Please, without any pictures, transcribe the lines from the one holding "Силиконовый чехол на" to the end of the listing, both ends included.

▶ _RECORDS SUPPLIED_:
Content starts

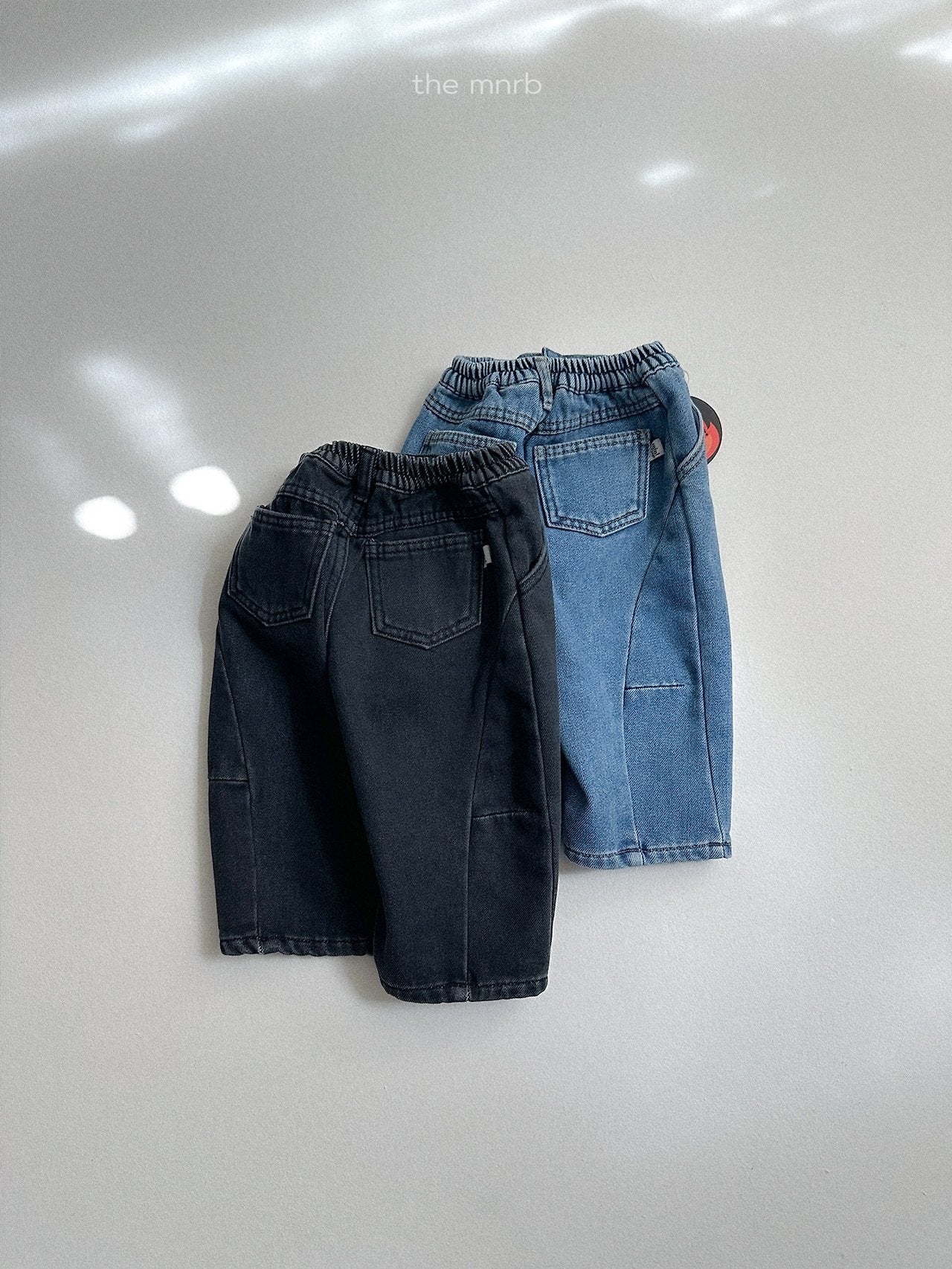 [minirobe] Dart denim pants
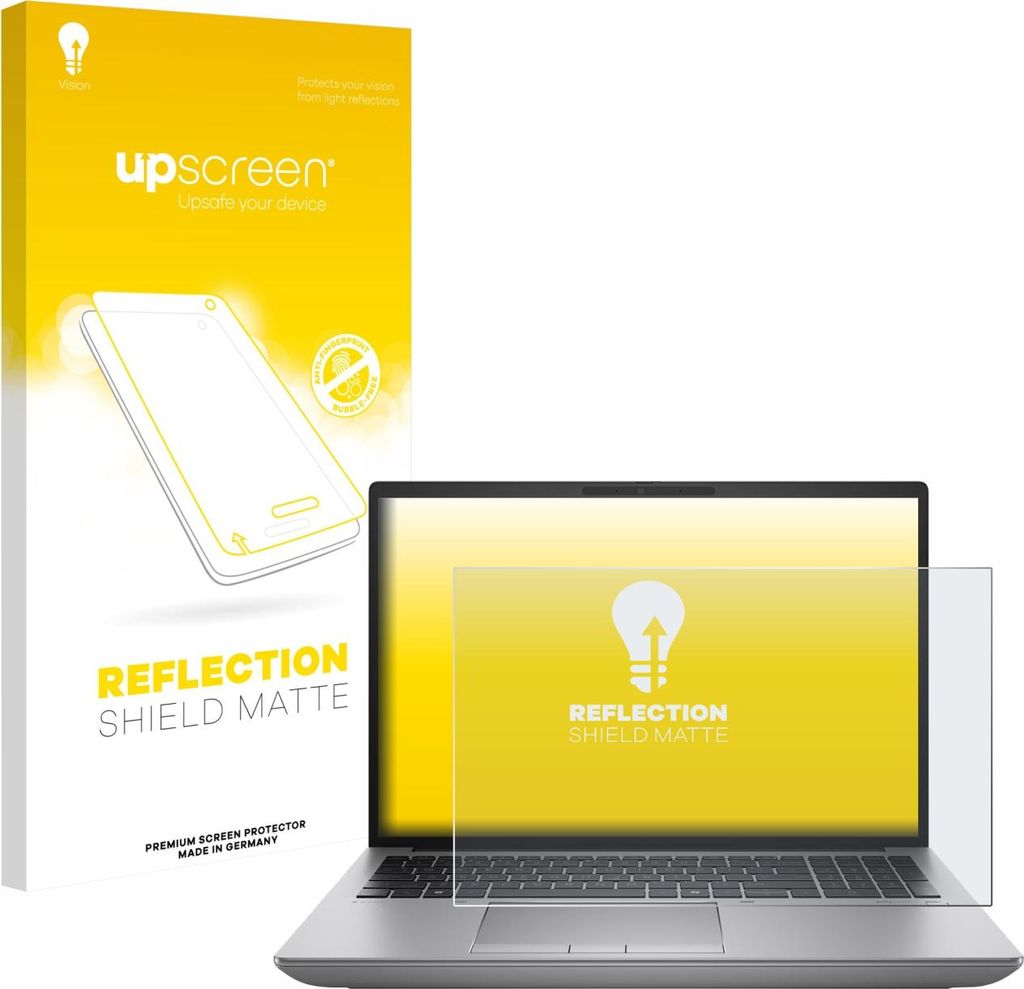 upscreen Schutzfolie für HP ZBook Fury 16 G11 Non-Touch Displayschutz Displayschutzfolie Folie Matt Entspiegelungsfolie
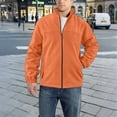 thumbnail image 5 of GrmtClth Mens Fleece Jacket Full Zip Casual Soft Polar Fleece Lined Jacket Coats 2025 Winter Outdoor Long Sleeve Outerwear Jackets with Pockets Saffron XL, 5 of 5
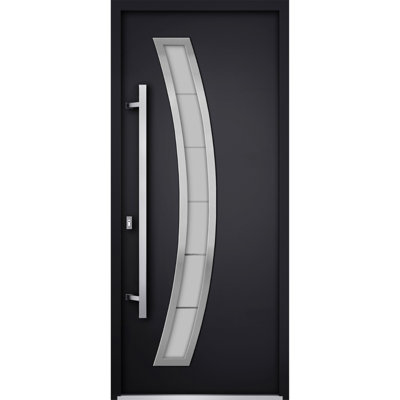 Deux portes d'entrée à l'avant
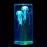 1pc Jellyfish Lava Lamp.Fascinating Color Changing Lights Create A Beautiful Tranquil, Peaceful & Soothing Deep-Sea Ambiance Which Could Help Reduce Stress & Anxiety.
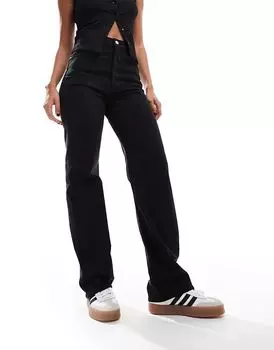 Джинсы Levi's Ribcage High Rise Long черного цвета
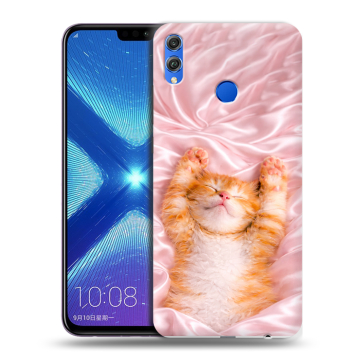 Силиконовый чехол на Huawei Honor 8X с принтом женский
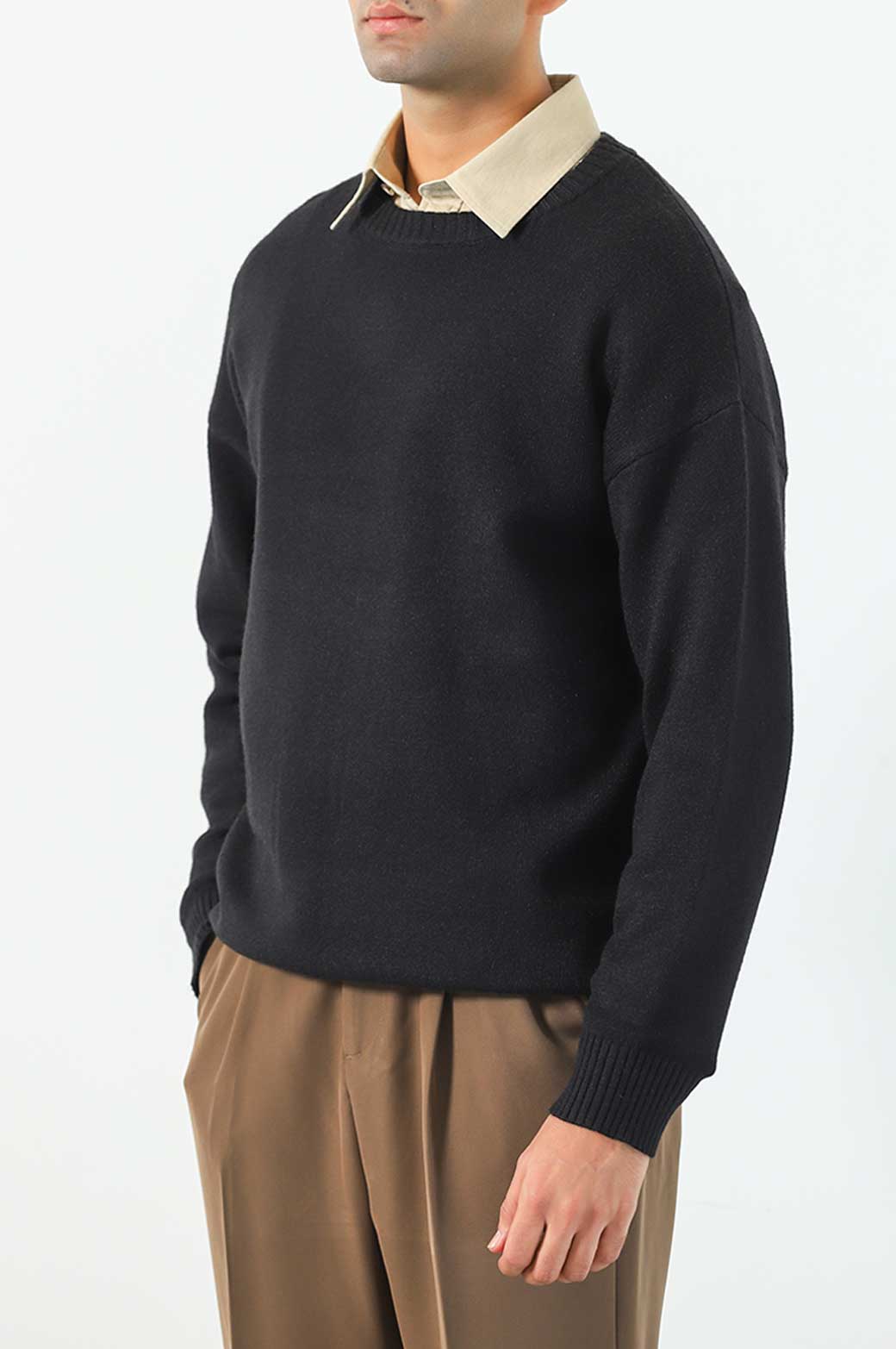 RELAXED CREW NECK SWEATER - Image 2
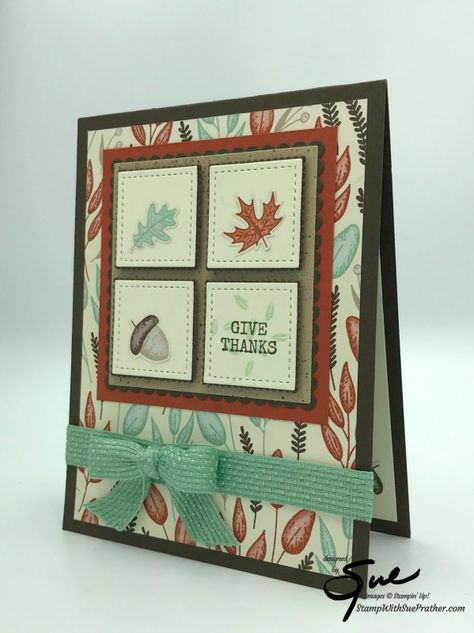 Fall Cards Handmade, Thanksgiving Cards Handmade, Patty Bennett, Fall Greeting Cards, Autumn Cards, Thanksgiving Card, Designer Series Paper, Beautiful Autumn, Thanksgiving Cards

Content ends

▶ _ANSWER_:
 Силиконовый чехол на Huawei Honor 8X с принтом женский
 RELAXED CREW NECK SWEATER - Image 2
 Fall Cards Handmade, Thanksgiving Cards Handmade, Patty Bennett, Fall Greeting Cards, Autumn Cards, Thanksgiving Card, Designer Series Paper, Beautiful Autumn, Thanksgiving Cards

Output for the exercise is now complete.